Palace of Sardar or Sardar Palace (, ) is the former residence of Sardar, the ruler of the Erivan Khanate. It was located in the northeastern part of the Erivan Fortress in Yerevan, on the left bank of the Hrazdan river.

During the Russian-Qajar War of 1827, the fortress was destroyed, and the palace itself was in ruins, with the exception of the personal pavilion of the Sardar. During 1914–1918, the remains of the ruined palace were also destroyed. Later, on the site of the palace, according to the project of R. Israelian, the building of the “Ararat” winery rose.

Legends 
According to a popular legend recorded at the beginning of the 20th century, the Sardar Palace was built around 1600 by the Safavid hero Arus, his sons Zorab and Faramos, and his daughter, the evil sorceress, Luthera.

Palace’s interior 

The facade of the Mirror Hall of the palace was facing the Zange river (nowadays - Hrazdan). The walls of the hall were flush with the high steep wall above the river bank. To the left and to the right, the embankments rose from the crumbling clay walls of the Erivan fortress.

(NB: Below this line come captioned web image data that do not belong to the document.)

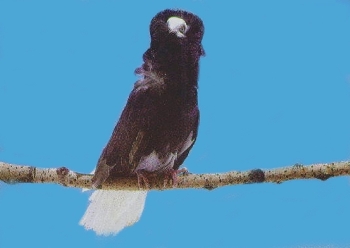 Foto de Información Sobre la Paloma Capuchina Negra o Pelucona Información Sobre la Paloma Capuchina Negra o Pelucona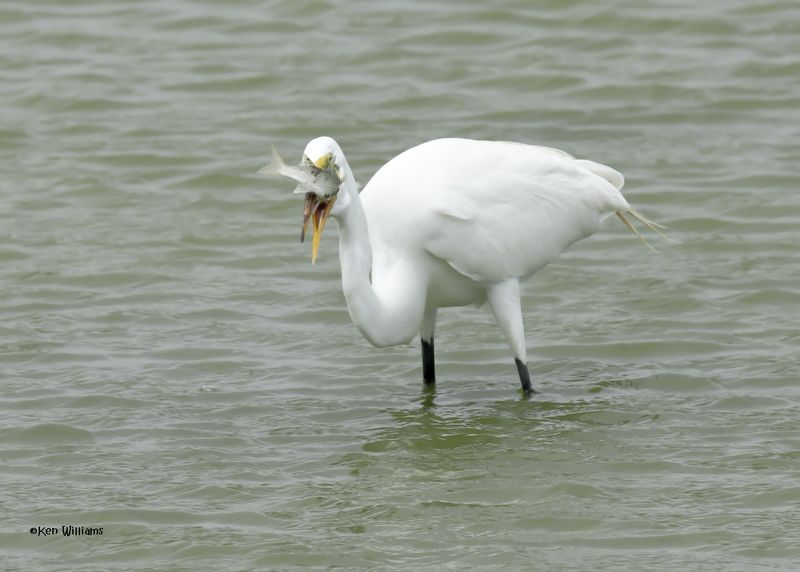 Great Egret wilth fish, Port Aransas, TX, 4-28-2025_0778az.jpg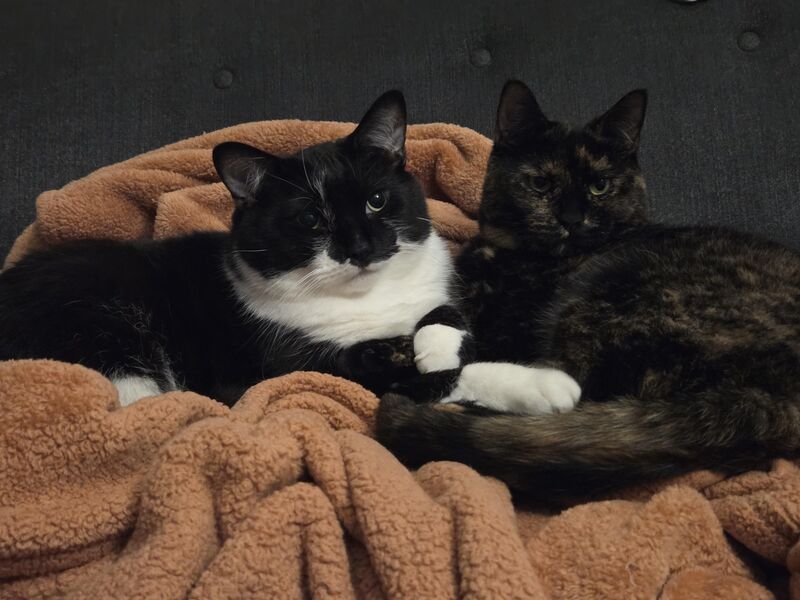 Good morning from Moog and Bitzu, the happiest couple around💖 Bitzu has a bell so Moogie can find her as he's blind🥹 They are inseparable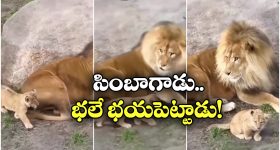 Pressure Cooker: ప్రెషర్ కుక్కర్ వాడుతున్నారా ? అయితే ఈ ఆరోగ్య సమస్యలు కొని తెచ్చుకున్నట్లే !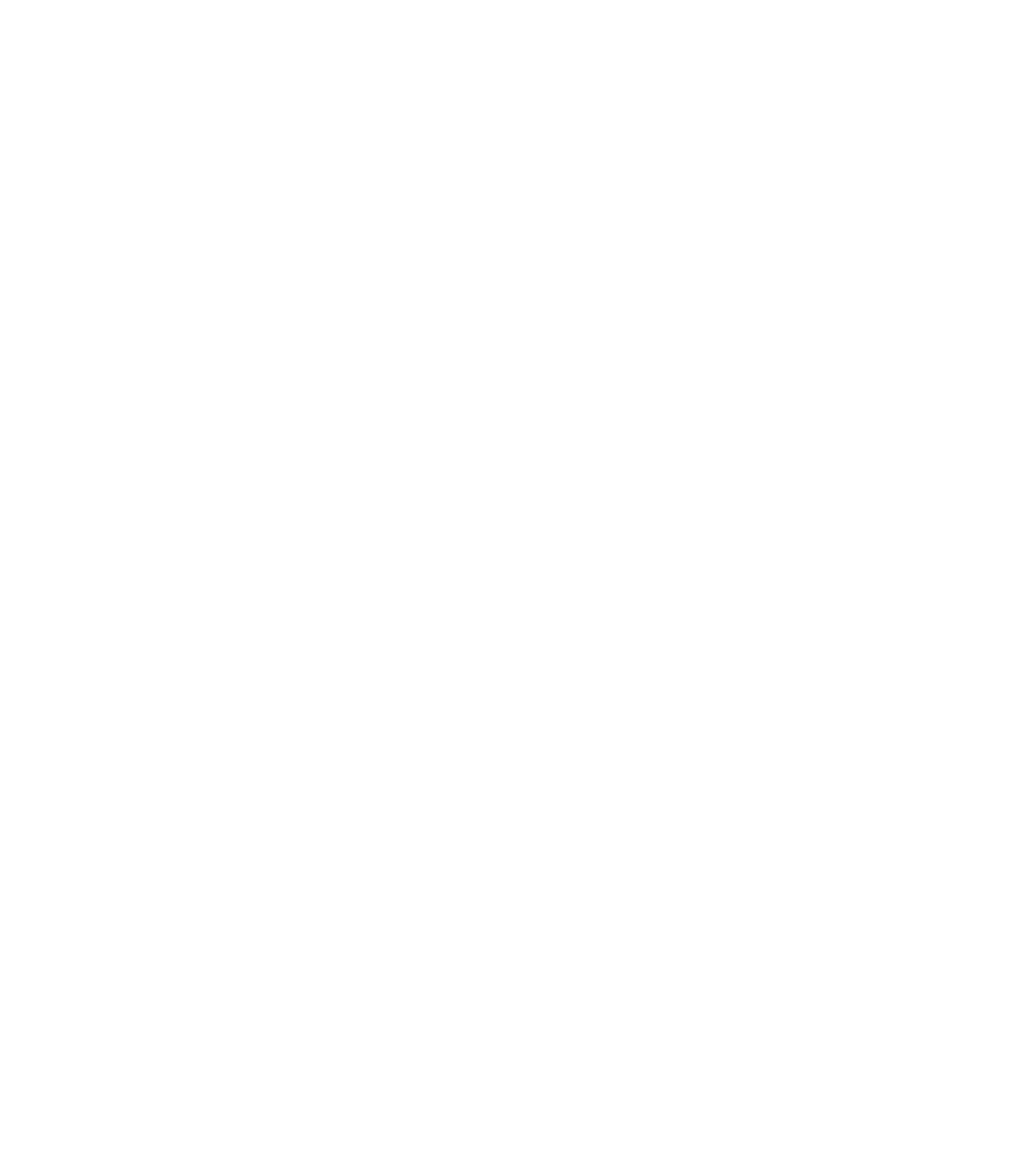 The Portal
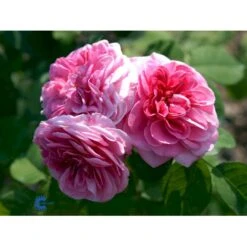 'Gertrude Jekyll' Rosa X 'Gertrude Jekyll' (Engelsk Rose) A-Kvalitet,- Barrods Roser Min. 3 Grene -Osmo Salgsbutik fi4316 rosa gertrude jekyll ausboard 5d17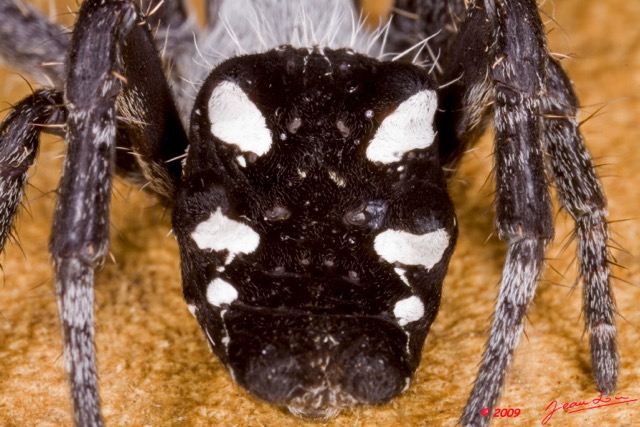 006 Arthropoda Arachnida Araneae Araignee 28 9E50IMG_31131wtmk.jpg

All the walls of the palace were covered with tiles with patterns and flowers. The walls between the tiles were covered with rough painting. In addition to the flowers, peacocks, lions and the sun were depicted there. The floor was glazed brick. The ceiling was covered with mirrors. There were also mirrors in the recesses along the walls and between the portraits.

According to literary data, it is known that the Sardar Palace's walls of the Mirrored Hall were richly decorated with ornamental and thematic compositions. Scene murals were placed between the cornice and the ceiling of the palace, showing the legendary exploits of Rustam. On the first, Rustam hits a young warrior with a dagger, on the second he tears his clothes, learning that he has killed his son Zohrab; on the third – he pulls the enemy off the horse; on the fourth – he wins the diva and breaks his horns. According to the description of the eyewitnesses, in the palace, there was also depicted "a comic picture of an old man being kind to a young girl who serves him a glass of wine".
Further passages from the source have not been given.